Up until this point, the consortium has yet to realize any profit from the deal. But now that the toll bridge is operational, that’s where the payoff begins. As specified in the contract, the entity begins making payments to the consortium for bridge operations and upkeep, and the consortium gets to take home all or a portion of tolls collected on the bridge for the term of its  contract.

While financing details for P3s can be complex, Eliopoulos said, both the public and private sides can still use the traditional methods of bond issues, construction loans or equity financing to meet their financial responsibilities on the project.

Alternative financing options on the rise

The P3 model has taken off and become more widely utilized over the last several years. “My work has picked up tremendously, and there are P3 conferences  that  draw  1,000  people,”  said  Lee  Weintraub,  shareholder   at

Becker & Poliakoff and chair of the firm’s P3 group. When executed correctly, the P3 is typically a win-win for both the public and private sides, he said. While the example of the toll bridge might be one possible arrangement, Weintraub said one of his favorite adages about P3s is, “once you’ve seen one P3, you’ve seen one P3.”

For example, in the aforementioned bridge scenario, although the consortium would benefit from higher-than-expected traffic over the bridge, it also assumes the risk of lower-than-anticipated traffic. Weintraub said this risk transfer is one of the reasons P3s are so popular. However, in Florida, a Skanska USA-led joint venture is upgrading 21 miles of Interstate 4, but the Florida Department of Transportation decided to assume the risk of usership volume and will simply make scheduled payments to the joint venture during the operations and maintenance period, Weintraub said. This is just one instance of how varied a P3 deal be.

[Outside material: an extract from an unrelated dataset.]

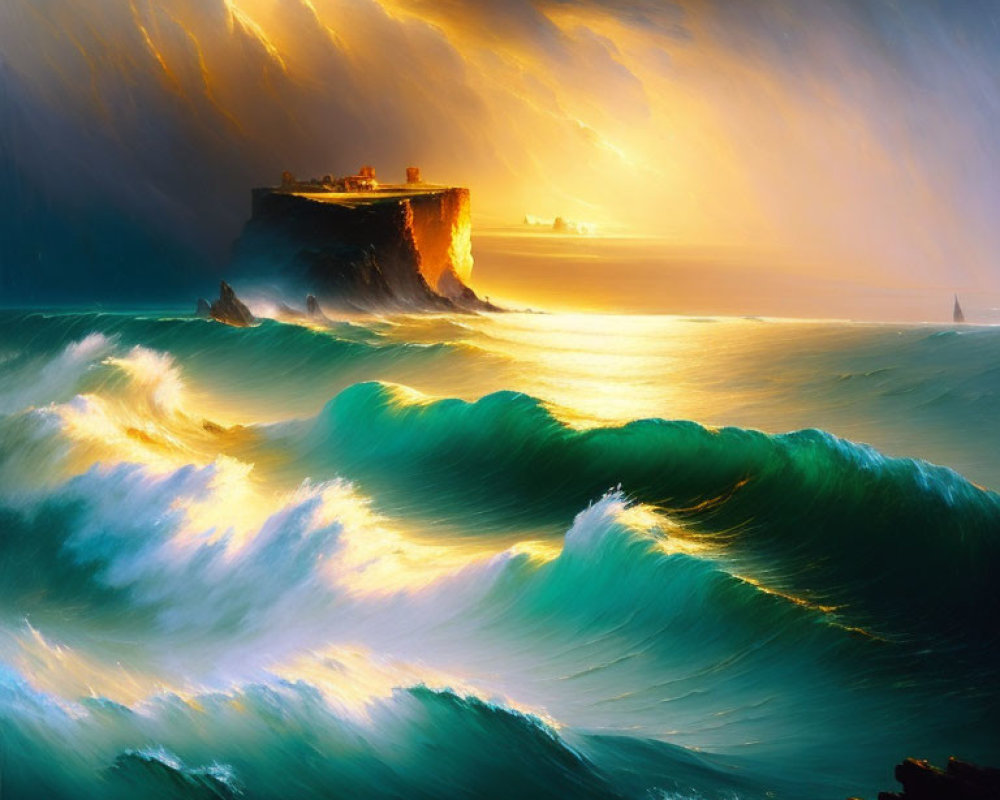 Dramatic Sunset Seascape with Turbulent Waves and Cliff Building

In addition to that risk transfer element, the ability to leverage cash into more projects or simply reduce cash outlays in the midst of a tight budgetary cycle is a P3 benefit for the public entity. Eliopoulos said his  firm represents  one of the design-build partners on the Long Beach Civic Center project. Because the consortium is shouldering most of the financing burden — and due to the fact that the new buildings will require less maintenance and incorporate cost- saving features — Long Beach’s regular payments to the consortium are comparable to what the city is already paying to maintain the existing outdated facility.

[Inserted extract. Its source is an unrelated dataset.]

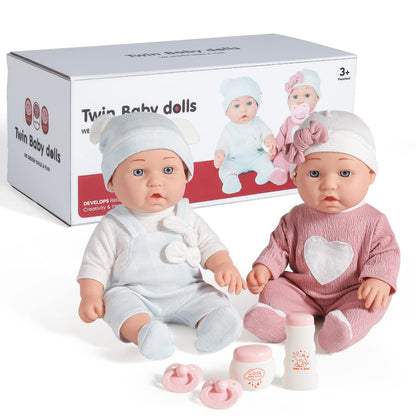 12'' Twins Baby Doll Playset with Accessories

Opportunities and obstacles to broader use

Eliopoulos said he thinks that when public entities need to “spread their funding out,” as in the case of Long Beach, P3s will become increasingly popular. “For larger public projects, there’s an interest in P3s among the public agencies,” he said. However, Eliopoulos added that public entities need to learn how to execute (P3s) … and in some cases, they need special enabling legislation and increased cooperation with the government to bring down P3 financing costs.

Weintraub said yet another example of a potential financing setup for a P3 is   a model with a nonprofit angle that universities have been using to tackle large projects. “A nonprofit will own the property. They’ll borrow the money that’s needed to do the job, but then they can save money on property taxes because they’re a nonprofit,” he said. “That model is done in a lot of higher education (projects) all around the country.”

According to both legal experts, perhaps the largest obstacle to more public agencies realizing the savings possible with P3s is education about the process and its potential advantages over traditional methods of  financing.

“The bigger issue is that public entities need to realize that even though they’d be paying a little bit more in financing costs, getting a developer in there and the efficiencies of doing that over the 35-to-45-year useful life of these new facilities will save them so much more money,” Eliopoulos  said.